The thorny topic of rehabilitating offenders in the American penal system remains front and center in Dreams from the Monster Factory by Sunny Schwartz, an expert in criminal justice reform in the San Francisco area, and TV writer and producer David Boodell. Schwartz asks a central question: What do we do with the people who get out of jail and come back to communities? Using real stories of former convicts and their victims, Schwartz concludes that the horrible conditions in prisons, the monster factories of the title, create people incapable of empathy or compassion who return to society and commit more crimes. She helps to spearhead the Resolve to Stop the Violence Project in San Francisco to create a prison that doesn't reinforce violence
In Little Pink House: a Story of Defiance and Courage, Jeff Benedict has taken a complicated court case centered on eminent domain and turned it into a page-turner with a conscience. In 1997, an EMT named Susette Kelo left her husband, bought a cottage and started over in the economically depressed Ft. Trumbull neighborhood of New London, Conn. In February 1998, the New London Development Corporation began trying to muscle the neighborhood into selling homes to make way for a Pfizer research complex. The fight escalated when the city tried exercising eminent domain to seize the homes of Kelo and others who refused to sell, leading to the case, Kelo v. City of New London, reaching the Supreme Court in 2005. Raising important questions about the use of economic development as a justification for displacing citizens, this book will leave readers indignant and inspired.
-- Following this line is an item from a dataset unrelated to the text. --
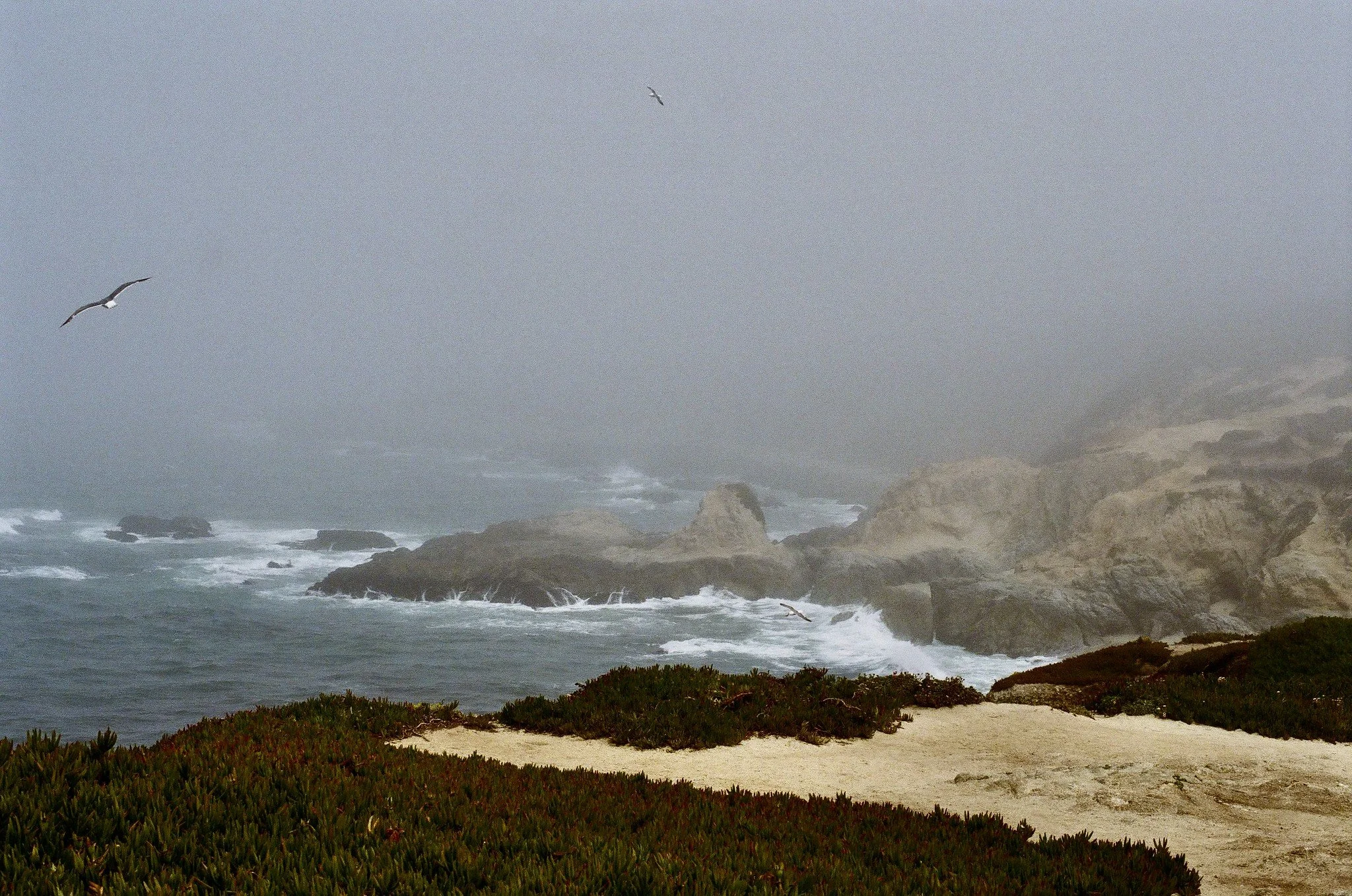Bodega Head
No individual, not even Eleanor Roosevelt, exerted more influence over the formulation of FDR's New Deal or did more to implement his programs than Frances Perkins. As former Washington Post staff writer Kirstin Downey makes plain in The Woman Behind the New Deal: The Life of Frances Perkins, FDR's Secretary of Labor and His Moral Conscience, the first female Cabinet member was the primary shaper of such new concepts as unemployment insurance, the 40-hour work week and Social Security. At a time when the United States stands at the brink of another economic meltdown calling for sweeping federal interventions, Downey provides not only a superb rendering of history, but also a large dose of inspiration drawn from Perkins' clearheaded, decisive work with FDR to solve urgent problems diligently and to succeed in the face of what seemed insurmountable odds.
In Confessions of a Counterfeit Farm Girl, Susan McCorkindale, former marketing director at Family Circle, takes a lighthearted look at the abrupt change in lifestyle she experienced when she quit her job and moved with her husband and their two sons from bustling Ridgewood, N.J., to "beautiful, anything but bustling" Upperville, Va. Though admittedly weary of the corporate rat race, she wasn't prepared for the huge cultural differences she encounters living on their 500-acre beef cattle farm. In chapters packed with droll humor (and numerous unnecessary footnotes), she addresses fashion, public versus private schools, horseback riding versus football, and Saturdays in suburbia versus the sticks.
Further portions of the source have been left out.